You can get a Digitrax sound bug cheap enough and pull off sound only.


----------



## I Am Fasha

What happened!!!! :dunno:

Did this project get completed? My son just got one of these and I found this thread...


----------



## union pacific 844

i have 3 of that one is dcc now the next one will have dcc sound i used this posted to do it


----------



## union pacific 844

i have 3 of that loco one is dcc now the next one will have dcc sound i used this posted to do it


----------



## flyboy2610

I Am Fasha said:


> What happened!!!! :dunno:
> 
> Did this project get completed? My son just got one of these and I found this thread...

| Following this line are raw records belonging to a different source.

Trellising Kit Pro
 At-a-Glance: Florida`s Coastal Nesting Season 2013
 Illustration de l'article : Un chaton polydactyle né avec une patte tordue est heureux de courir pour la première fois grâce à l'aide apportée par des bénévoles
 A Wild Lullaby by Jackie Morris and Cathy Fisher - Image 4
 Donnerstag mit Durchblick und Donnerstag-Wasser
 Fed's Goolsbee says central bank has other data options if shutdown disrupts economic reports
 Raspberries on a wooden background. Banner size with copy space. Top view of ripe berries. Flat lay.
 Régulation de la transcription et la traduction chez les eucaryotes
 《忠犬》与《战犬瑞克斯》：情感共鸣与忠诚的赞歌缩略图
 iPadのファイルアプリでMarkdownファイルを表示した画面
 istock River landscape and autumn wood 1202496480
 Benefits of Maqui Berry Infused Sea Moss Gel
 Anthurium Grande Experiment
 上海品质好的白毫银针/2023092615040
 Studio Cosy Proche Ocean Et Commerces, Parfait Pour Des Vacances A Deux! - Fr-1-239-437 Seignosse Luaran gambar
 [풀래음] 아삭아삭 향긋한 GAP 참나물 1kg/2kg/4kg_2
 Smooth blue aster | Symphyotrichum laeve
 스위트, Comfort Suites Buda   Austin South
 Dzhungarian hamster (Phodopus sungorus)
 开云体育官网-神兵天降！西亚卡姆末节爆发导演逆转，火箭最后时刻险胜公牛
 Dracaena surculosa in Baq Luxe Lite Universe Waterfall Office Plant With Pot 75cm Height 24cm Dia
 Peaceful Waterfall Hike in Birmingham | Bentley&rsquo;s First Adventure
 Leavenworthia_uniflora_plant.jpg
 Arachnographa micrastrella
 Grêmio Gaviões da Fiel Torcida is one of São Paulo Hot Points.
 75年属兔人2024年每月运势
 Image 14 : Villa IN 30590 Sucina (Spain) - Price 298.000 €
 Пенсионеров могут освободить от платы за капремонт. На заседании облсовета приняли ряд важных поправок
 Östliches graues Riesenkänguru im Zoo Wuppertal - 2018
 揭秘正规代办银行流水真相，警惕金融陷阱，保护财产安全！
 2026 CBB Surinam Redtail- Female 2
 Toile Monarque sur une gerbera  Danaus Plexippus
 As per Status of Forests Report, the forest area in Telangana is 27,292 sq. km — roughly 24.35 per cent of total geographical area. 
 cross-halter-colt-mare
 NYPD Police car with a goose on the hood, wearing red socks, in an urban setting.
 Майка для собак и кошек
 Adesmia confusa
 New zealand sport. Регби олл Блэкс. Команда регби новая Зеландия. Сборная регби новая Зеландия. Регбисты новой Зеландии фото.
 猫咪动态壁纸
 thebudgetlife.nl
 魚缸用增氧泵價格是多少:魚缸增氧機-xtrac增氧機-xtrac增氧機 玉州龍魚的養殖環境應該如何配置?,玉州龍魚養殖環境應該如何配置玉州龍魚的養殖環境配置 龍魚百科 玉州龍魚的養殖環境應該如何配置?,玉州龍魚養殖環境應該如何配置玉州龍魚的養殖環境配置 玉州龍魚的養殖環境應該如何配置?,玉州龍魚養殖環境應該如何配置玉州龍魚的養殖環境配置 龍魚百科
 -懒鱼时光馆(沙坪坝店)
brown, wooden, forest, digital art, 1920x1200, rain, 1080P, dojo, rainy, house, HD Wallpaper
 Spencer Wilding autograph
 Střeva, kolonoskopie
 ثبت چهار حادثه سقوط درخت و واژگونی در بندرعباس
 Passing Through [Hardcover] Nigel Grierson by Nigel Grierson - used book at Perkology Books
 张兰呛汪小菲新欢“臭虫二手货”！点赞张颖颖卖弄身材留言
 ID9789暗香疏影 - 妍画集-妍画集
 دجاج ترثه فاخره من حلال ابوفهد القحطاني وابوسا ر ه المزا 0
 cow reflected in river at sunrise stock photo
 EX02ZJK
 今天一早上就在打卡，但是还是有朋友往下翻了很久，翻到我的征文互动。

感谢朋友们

I guess I never updated this.
Yes, I got it done.
I used this connector I got at my LHS:


I used an LED for the backup light, as well as the headlight. I mounted the decoder in the boiler, so I just had to use two wires for the LED and two for the speaker to go from tender to engine.
These photos show how I mounted the connector:



Plenty of room for the Tsunami TS-1000 sound decoder. Motor is removed in this pic.


How the motor is mounted:


This engine has very nice low speed operation. The Tsunami puts out great sound. I am very happy with how it turned out.


----------



## I Am Fasha

Nice work! How did you wire the 4 pin connector wire? Did you cut it in half and splice the wire ends to the decoder wires in loco and LED and speaker wires in the tender?


----------



## blackz28

the only question i have is you dont have issue with the dreaded side rod lock up do you?? i know this era loco did it alot i had 2 lock on me


----------